In November 2003, the Ministry of Immigration and Absorption estimated that 750,000 Israelis were living abroad, primarily in the United States and Canada—about 12.5 percent of the Jewish population of Israel.
In April 2008, the Ministry of Immigration and Absorption estimated that 700,000 Israelis were living abroad, of those, 450,000 were living in the U.S. and Canada, and 50,000-70,000 in Britain.

In 2012, a new Global Religion and Migration Database constructed by the Pew Research Center showed that there were a total of 330,000 native-born Israelis, including 230,000 Jews, living abroad, approximately 4% of Israel's native-born Jewish population. Immigrants to Israel who later left were not counted. Danny Gadot of the Israeli consulate in Los Angeles claimed that although some 600,000-750,000 Israelis were estimated to be living in the United States, many were not native-born and were in fact the children of Israeli expatriates, as the children of Israelis born abroad are counted as Israeli citizens. That year, it was reported that yerida had hit a 40-year low, while the number of Israelis returning from abroad had increased.

Demography

 Between 1948 and 1958, over 100,000 Jews emigrated from Israel. 
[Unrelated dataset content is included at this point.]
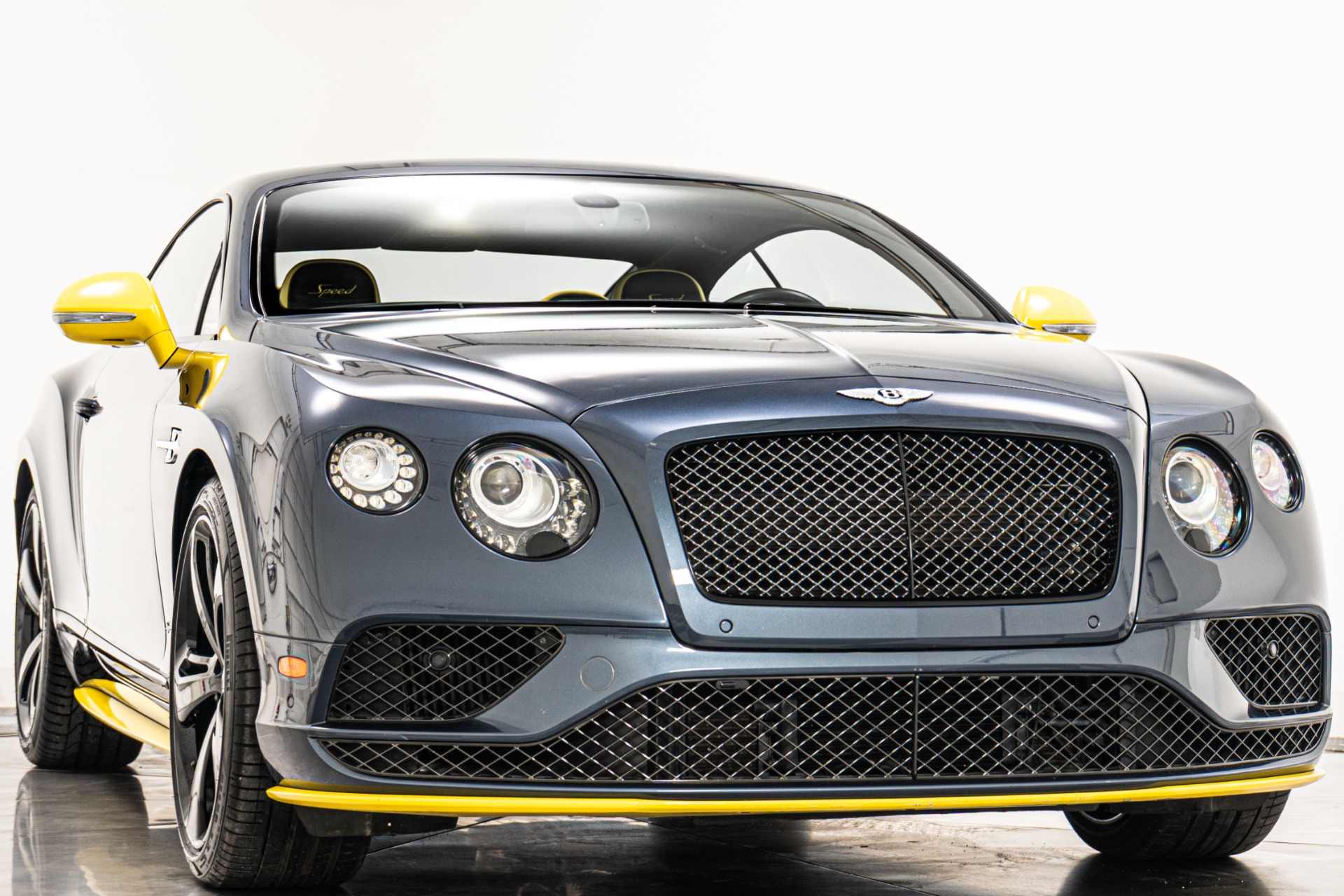 2017 Bentley Continental GT Speed Black Edition photo 2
 Israel's net international migration balance and the total immigration between 1948 and 1994 was 80 per cent, pointing to a missing share, i.e., a ratio of immigrants to emigrants, of 20 percent. Historically, Israel's long term migration retention ratio of 80 per cent is much higher than other countries' receiving large masses of immigration such as the United States, Argentina, Brazil, Australia and New Zealand. Sergio DellaPergola attributes Israel's comparatively high migration retention to two related factors. The family transfer character of Aliyah, that is the relocation of entire households, including women, children and elderly members, implies abandonment of the place of origin. The second factor was the impossibility of return to countries where perceived discrimination or actual persecutions were among the main motivating factors for leaving.
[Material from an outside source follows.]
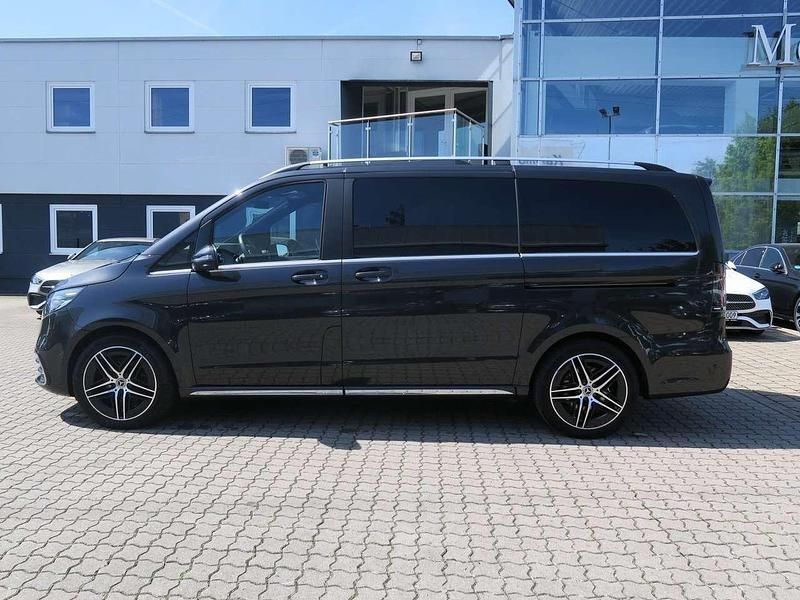 Gebraucht Mercedes V300 Avantgarde 237 PS (174 kW) 2024 Grau Van / Kleinbus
 According to the Israeli Central Bureau of Statistics, a little over 500,000 Israelis emigrated between 1990 and 2014, of whom about 230,000 eventually returned to Israel.
 In 2012 the total estimated Israeli-born Jewish international migrants originating in Israel was 230,000 from the Pew Research Center Global Religion and Migration Database.
Over 100,000 Israeli citizens are believed to be living in Russia. Many Israeli cultural events are hosted for the Russian-Israeli community in Russia, and many live part of the year in Israel. (To cater to the Israeli community in Russia, Israeli cultural centres are located in Moscow, Saint Petersburg, Novosibirsk and Yekaterinburg.)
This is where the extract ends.